More’s commentary on hunting mirrors this argument. Hunting is “the lowest, vilest, and the most abject part of butchery,” and “the Utopians have rejected it to their butchers” (98). The main rejection of hunting is that is can become pleasurable to kill animals for no reason other than sport, and to avoid this, the Utopians have forced their bondsmen to perform all of the hunting duties (98). The Utopians also assert that “there is no natural pleasantness” in the “common” desire to hunt (98). By associating hunting with a base kind of desire, the Utopians can avoid the dangers of becoming less-than-civilized by making sure that common citizens are insulated from any kind of activity that would damage their humanity. That insulation ensures, however, the destruction of the slaves’ humanity. The treatment of the animal in Utopia serves a terrible purpose. It stratifies the position of the slave–the use of the act of slaughter is purposeful and targeted, and ensures that a specific class of subject is in a space where they are forced to sacrifice their humanity for the good of the State. The language that More uses to defend this use of the animal in the context of the state is strikingly similar to contemporary ideas on meat and meat production. Like the citizens of Utopia, most people would “be moved with pity to see a silly, innocent hare murdered of a dog,” and yet most salivate with desire when there is a discussion of putting a whole pig body in a barbecue pit (98). The contemporary world sees it as something that must be done for people to eat, and if More is correct, contemporary society still associates slaughter with dehumanization; the introduction of the machinic enterprise for slaughter, and the machine-killing of animals, has effectively erased the question of the human from slaughter as an act.

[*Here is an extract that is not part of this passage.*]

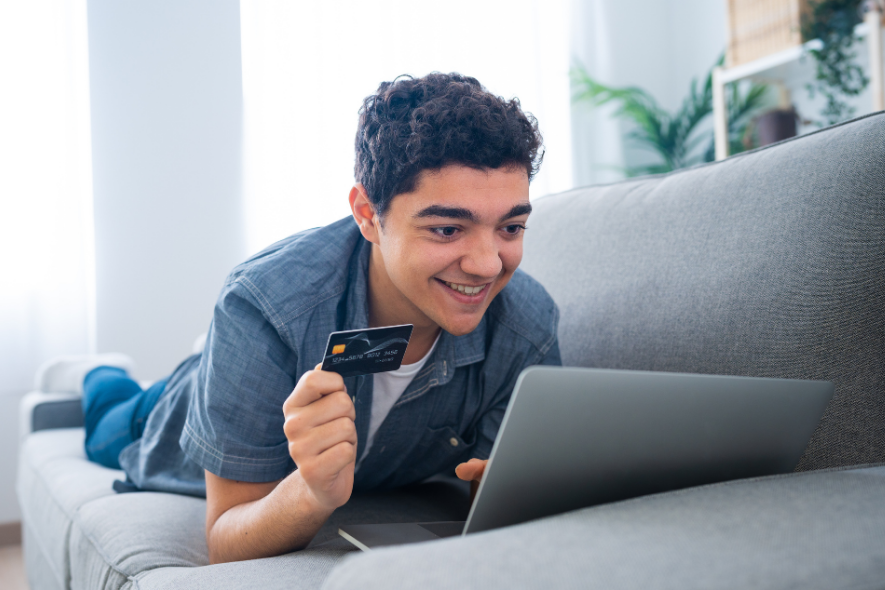 young man holding credit card on couch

There are possibilities for liberation here, however, that More cannot access because of his strong ties to an anthropocentrism that defines the strata of his fictional society. The slaves could, because of their closer connection to animals, understand the lack of difference between human animals and non-human animals. That is the space for ethics here–in the dissolution between the two. However, in Utopia, this can never be entertained, as it would threaten the existence of the entire society. Maybe Utopia is closer to the real world than we think.